Safety and Immunogenicity of Combinations of Recombinant Subtype E and B Human Immunodeficiency Virus Type 1 Envelope Glycoprotein 120 Vaccines in Healthy Thai Adults

Safety and immunogenicity of 2 recombinant human immunodeficiency virus (HIV) type 1 envelope glycoprotein (gp) 120 vaccines derived from SF2 (subtype B) and CM235 (CRF01_AE, Thai E) were evaluated in 370 Thai adults at low risk of HIV infection. Various doses of CM235 (25, 50, or 100 µg) and SF2 (0, 25, or 50 µg) gp120 were used. Eighty volunteers received placebo.

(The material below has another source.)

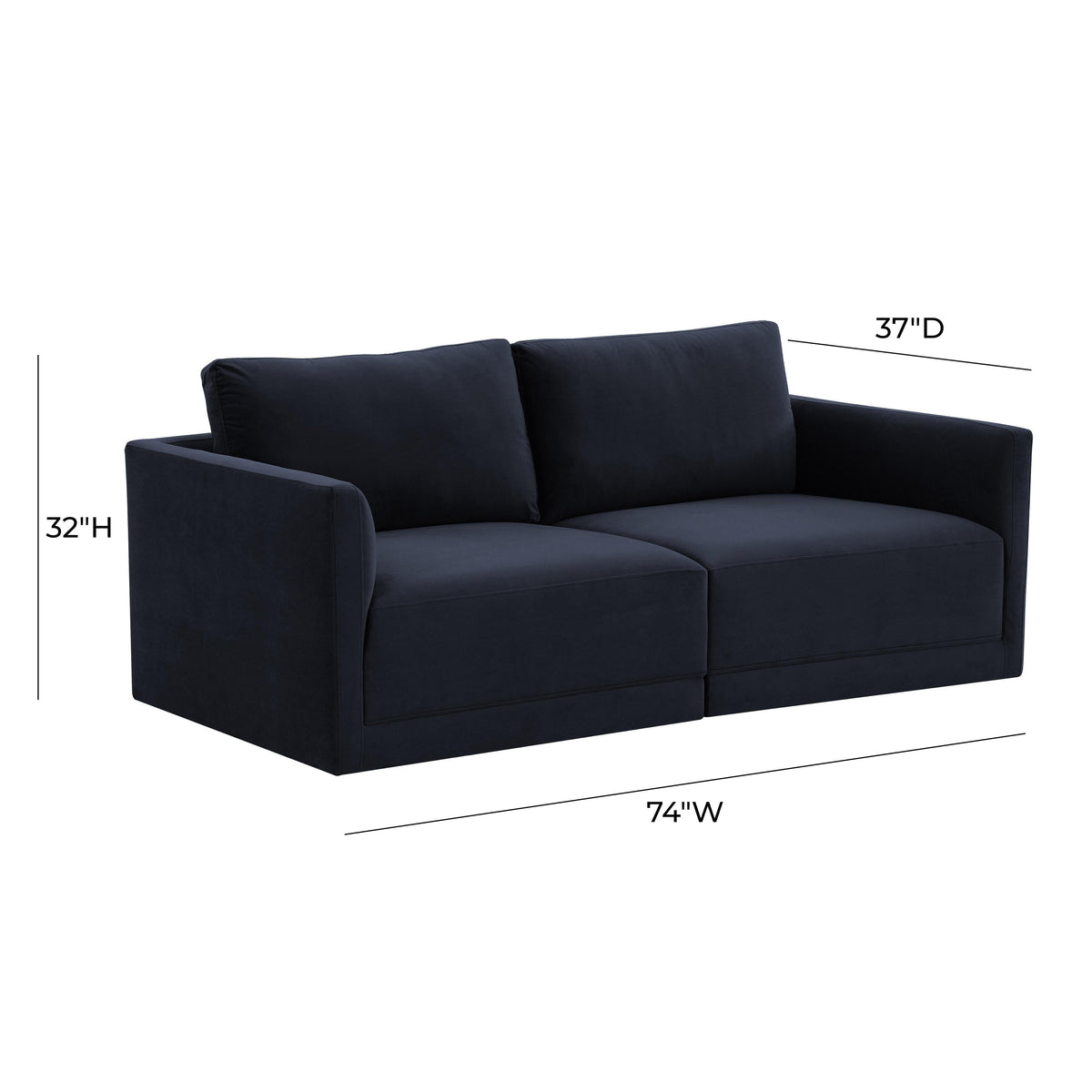 Willow 74" Performance Velvet Modular Loveseat - Image 18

There were no serious adverse events related to vaccination. Binding antibody developed in all vaccine recipients. There was no dose response to CM235 gp120, but a dose response to gp120 SF2 was present. Neutralizing antibodies to subtype E HIV-1 NPO3 and subtype B HIV-1 SF2 developed in 84% and 82% of vaccine recipients, respectively. Lymphoproliferative responses were detected in >95% of vaccine recipients. There was no evidence of antigenic interference in HIV-specific humoral or cellular responses. The gp120 Thai E and SF2 vaccines were safe and immunogenic in combination and could be advanced into phase 3 testing.